With regard to Art and Literature, Pater has the same method as with regard to Philosophy. Everything in a world so fluid is obviously relative. It is ridiculous to dream that there is any absolute standard — even of beauty itself. Those high and immutable Principles of The Good and True are as much an illusion as any other human dream. There are no such principles. Beauty is a Daughter of Life, and is forever changing as Life changes, and as we change who have to live. The lonely, tragic faith of certain great souls in that high, cold “Mathematic” of the Universe, the rhythm of whose ordered Harmony is the Music of the Spheres, is a Faith that may well inspire and solemnize us; it cannot persuade or convince us.
Beauty is not Mathematical; it is — if one may say so — physiological and psychological, and though that austere severity of pure line and pure colour, the impersonal technique of art, has a seemingly pre-ordained power of appeal, in reality it is far less immutable than it appears, and has far more in it of the arbitrariness of life and growth and change than we sometimes would care to allow.
Walter Pater’s magnetic spell is never more wonder-working than when he deals with the materials which artists use. And most of all, with words, that material which is so stained and corrupted and outraged — and yet which is the richest of all. But how tenderly he always speaks of materials! What a limitless reverence he has for the subtle reciprocity and correspondence between the human senses and what — so thrillingly, so dangerously, sometimes! — they apprehend. Wood and clay and marble and bronze and gold and silver; these — and the fabrics of cunning looms and deft, insatiable fingers — he handles with the reverence of a priest touching consecrated elements.

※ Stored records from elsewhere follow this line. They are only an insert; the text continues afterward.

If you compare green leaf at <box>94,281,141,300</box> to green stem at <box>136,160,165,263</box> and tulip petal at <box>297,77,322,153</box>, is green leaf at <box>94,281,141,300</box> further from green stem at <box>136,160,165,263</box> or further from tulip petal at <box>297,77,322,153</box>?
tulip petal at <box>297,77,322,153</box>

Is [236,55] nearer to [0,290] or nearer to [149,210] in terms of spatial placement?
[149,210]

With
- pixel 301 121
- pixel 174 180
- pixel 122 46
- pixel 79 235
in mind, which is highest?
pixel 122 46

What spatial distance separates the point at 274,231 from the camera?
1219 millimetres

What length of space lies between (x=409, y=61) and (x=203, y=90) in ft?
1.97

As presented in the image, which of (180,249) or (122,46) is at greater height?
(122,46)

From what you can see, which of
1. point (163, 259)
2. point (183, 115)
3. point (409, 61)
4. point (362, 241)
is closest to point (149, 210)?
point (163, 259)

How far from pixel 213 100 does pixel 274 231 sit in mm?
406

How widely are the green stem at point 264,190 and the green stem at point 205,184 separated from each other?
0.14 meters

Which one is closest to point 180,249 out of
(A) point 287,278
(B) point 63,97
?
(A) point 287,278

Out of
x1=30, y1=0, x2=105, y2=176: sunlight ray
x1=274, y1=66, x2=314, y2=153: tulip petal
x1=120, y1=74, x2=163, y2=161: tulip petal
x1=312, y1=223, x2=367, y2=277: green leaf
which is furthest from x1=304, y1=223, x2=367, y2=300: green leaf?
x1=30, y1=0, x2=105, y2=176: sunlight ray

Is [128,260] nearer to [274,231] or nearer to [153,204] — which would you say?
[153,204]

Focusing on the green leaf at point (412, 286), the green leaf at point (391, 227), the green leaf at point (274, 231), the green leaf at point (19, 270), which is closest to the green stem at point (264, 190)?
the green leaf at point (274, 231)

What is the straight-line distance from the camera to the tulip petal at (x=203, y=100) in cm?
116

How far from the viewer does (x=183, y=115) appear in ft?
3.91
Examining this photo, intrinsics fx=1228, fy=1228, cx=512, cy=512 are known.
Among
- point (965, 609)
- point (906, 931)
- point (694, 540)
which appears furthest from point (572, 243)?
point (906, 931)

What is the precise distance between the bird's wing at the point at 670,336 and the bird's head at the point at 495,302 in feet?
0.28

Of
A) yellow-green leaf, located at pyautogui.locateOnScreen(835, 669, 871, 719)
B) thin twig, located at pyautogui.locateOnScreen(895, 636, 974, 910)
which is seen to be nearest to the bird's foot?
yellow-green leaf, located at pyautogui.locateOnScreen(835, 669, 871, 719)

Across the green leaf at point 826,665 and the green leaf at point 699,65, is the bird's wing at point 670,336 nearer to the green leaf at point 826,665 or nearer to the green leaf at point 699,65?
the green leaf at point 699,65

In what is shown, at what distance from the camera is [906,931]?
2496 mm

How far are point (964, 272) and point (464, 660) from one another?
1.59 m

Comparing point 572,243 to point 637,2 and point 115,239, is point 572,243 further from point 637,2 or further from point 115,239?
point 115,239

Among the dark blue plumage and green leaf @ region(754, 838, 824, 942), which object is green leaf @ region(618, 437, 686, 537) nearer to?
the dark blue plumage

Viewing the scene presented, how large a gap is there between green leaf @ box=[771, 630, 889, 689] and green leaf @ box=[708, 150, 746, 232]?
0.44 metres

Not only the great main rivers of art’s tradition, but the little streams and tributaries, he loves. Perhaps he loves some of these best of all, for the pathways to thei
r exquisite margins are less trodden than the others, and one is more apt to find one’s self alone there.

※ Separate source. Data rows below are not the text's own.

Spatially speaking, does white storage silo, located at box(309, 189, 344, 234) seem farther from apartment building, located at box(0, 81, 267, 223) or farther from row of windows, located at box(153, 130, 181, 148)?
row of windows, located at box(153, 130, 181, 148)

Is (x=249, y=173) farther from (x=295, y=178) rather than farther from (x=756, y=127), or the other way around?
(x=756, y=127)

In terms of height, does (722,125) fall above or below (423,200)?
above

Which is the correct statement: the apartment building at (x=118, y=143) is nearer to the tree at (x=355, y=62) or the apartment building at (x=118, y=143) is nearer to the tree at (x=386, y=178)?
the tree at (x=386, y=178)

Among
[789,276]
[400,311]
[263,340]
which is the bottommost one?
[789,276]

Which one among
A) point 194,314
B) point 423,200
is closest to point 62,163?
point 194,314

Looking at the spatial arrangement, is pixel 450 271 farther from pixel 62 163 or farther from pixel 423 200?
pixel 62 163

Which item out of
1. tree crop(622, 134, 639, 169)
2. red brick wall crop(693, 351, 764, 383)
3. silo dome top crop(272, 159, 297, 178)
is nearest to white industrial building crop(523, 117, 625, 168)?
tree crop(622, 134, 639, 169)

Perhaps of all his essays, three might be selected as most characteristic of certain recurrent moods. That one on Denys L’Auxerrois, where the sweet, perilous legend of the exiled god — has he really been ever far from us, that treacherous Son of scorched white Flesh? — leads us so far, so strangely far. That one on Watteau, the Prince of Court Painters, where his passion for things faded and withdrawn reaches its climax. For Pater, like Antoine, is one of those always ready to turn a little wearily from the pressure of their own too vivid days, and seek a wistful escape in some fantastic valley of dreams. Watteau’s “happy valley” is, indeed, sadder than our most crowded hours — how should it not be, when it is no “valley” at all, but the melancholy cypress-alleys of Versailles? — but, though sadder, it is so fine; so fine and rare and gay!

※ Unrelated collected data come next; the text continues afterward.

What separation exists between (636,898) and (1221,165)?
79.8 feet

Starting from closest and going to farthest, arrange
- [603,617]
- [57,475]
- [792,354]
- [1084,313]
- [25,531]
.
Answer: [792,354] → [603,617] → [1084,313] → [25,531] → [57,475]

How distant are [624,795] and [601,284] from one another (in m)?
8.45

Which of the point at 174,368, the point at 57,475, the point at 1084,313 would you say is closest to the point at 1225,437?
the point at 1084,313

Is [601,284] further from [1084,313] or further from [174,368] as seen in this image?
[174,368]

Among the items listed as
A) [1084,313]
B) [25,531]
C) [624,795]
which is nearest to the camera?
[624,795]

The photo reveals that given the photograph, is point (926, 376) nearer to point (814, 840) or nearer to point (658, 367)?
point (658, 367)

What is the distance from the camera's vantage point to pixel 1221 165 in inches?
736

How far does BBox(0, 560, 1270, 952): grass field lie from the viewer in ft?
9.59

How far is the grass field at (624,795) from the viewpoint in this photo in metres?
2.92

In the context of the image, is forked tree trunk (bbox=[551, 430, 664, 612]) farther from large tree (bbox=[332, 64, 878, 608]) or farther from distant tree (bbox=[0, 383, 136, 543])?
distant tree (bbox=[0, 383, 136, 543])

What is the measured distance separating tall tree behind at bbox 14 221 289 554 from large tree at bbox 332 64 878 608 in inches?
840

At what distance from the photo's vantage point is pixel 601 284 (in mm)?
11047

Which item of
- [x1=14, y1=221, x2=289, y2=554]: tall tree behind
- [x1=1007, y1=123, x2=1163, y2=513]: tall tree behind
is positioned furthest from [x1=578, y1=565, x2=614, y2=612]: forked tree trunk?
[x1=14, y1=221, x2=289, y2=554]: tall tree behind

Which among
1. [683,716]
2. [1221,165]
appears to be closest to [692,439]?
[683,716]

And along the borders of it and under its clipped trees, by its fountains and ghostly lawns, still, still can one catch in the twilight the shimmer of the dancing feet of the Phantom-Pierrot, and the despair in his smile! For him, too — for Gilles the Mummer — as for Antoine Watteau and Walter Pater, the wistfulness of such places is not inconsistent with their levity. Soon the music must stop. Soon it must be only a garden, “only a garden of Lenotre, correct, ridiculous and charming.” For the lips of the Despair of Pierrot cannot always touch the lips of the Mockery of Columbine; in the end, the Ultimate Futility must turn them both to stone!